> [What you have to do]
Return each of the entries below precisely, with no pictures in the result.

> [Data to process]

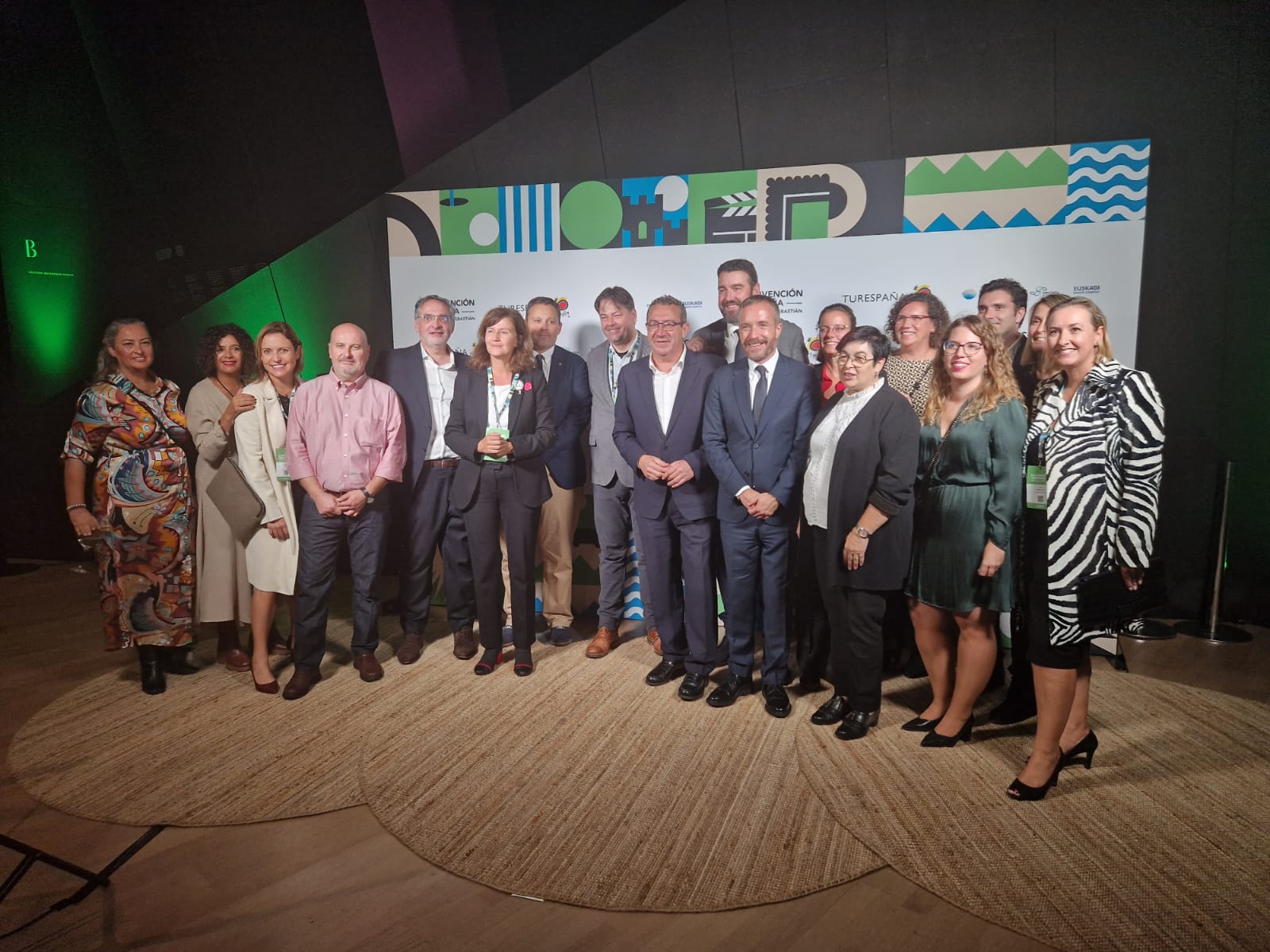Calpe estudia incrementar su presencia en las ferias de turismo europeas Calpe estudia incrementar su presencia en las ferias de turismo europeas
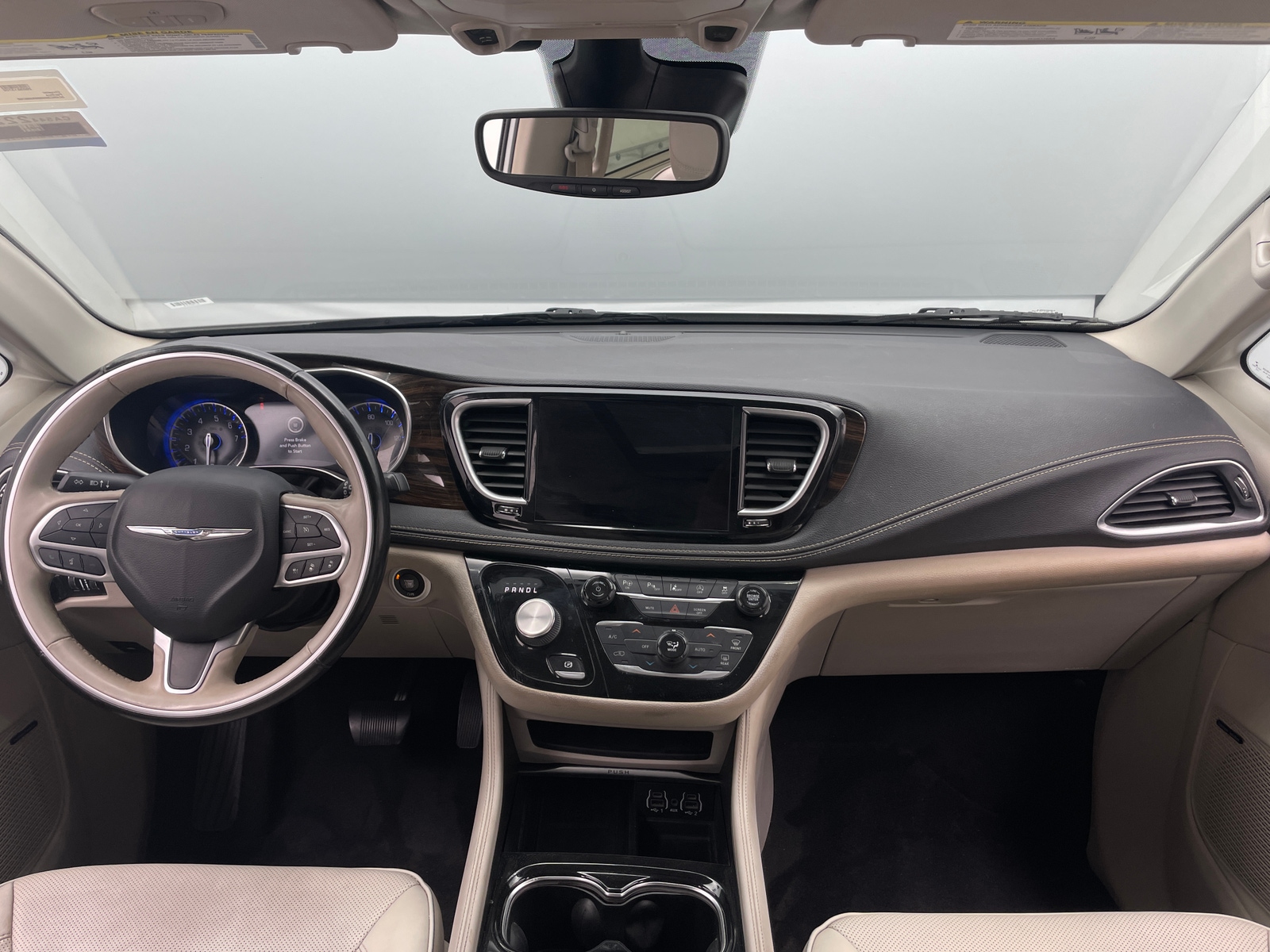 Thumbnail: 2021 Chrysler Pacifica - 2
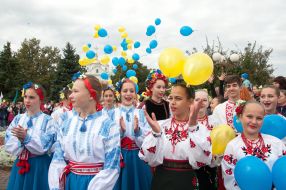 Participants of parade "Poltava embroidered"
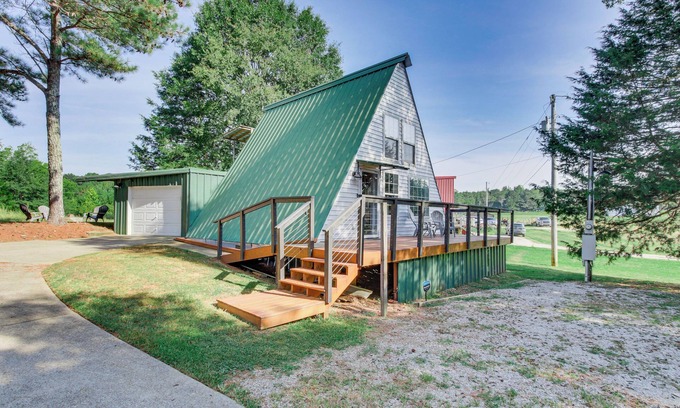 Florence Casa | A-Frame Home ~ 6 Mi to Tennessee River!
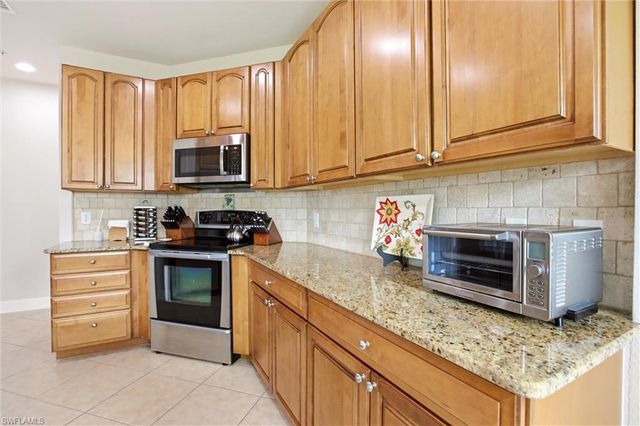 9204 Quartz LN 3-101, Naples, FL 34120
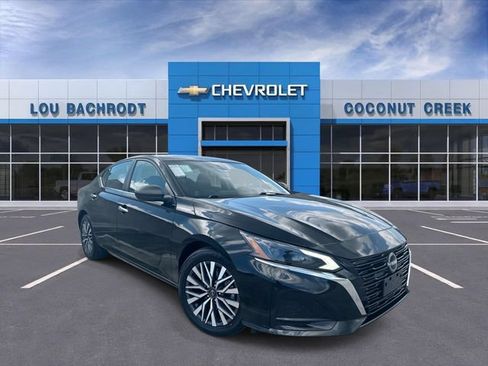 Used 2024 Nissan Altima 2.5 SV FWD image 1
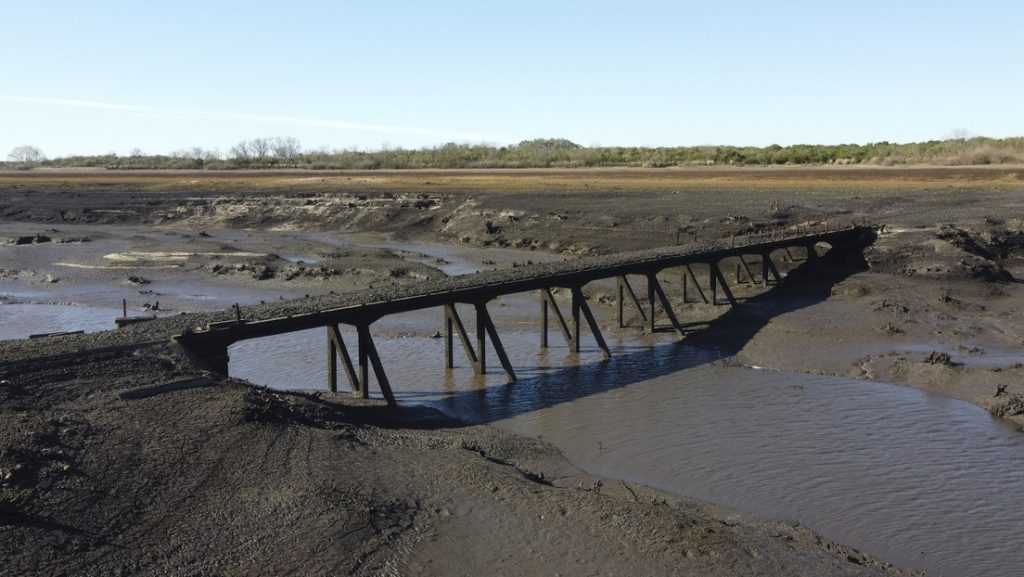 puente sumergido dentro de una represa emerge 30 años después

> [Answer box]
Calpe estudia incrementar su presencia en las ferias de turismo europeas Calpe estudia incrementar su presencia en las ferias de turismo europeas
 Thumbnail: 2021 Chrysler Pacifica - 2
 Participants of parade "Poltava embroidered"
 Florence Casa | A-Frame Home ~ 6 Mi to Tennessee River!
 9204 Quartz LN 3-101, Naples, FL 34120
 Used 2024 Nissan Altima 2.5 SV FWD image 1
 puente sumergido dentro de una represa emerge 30 años después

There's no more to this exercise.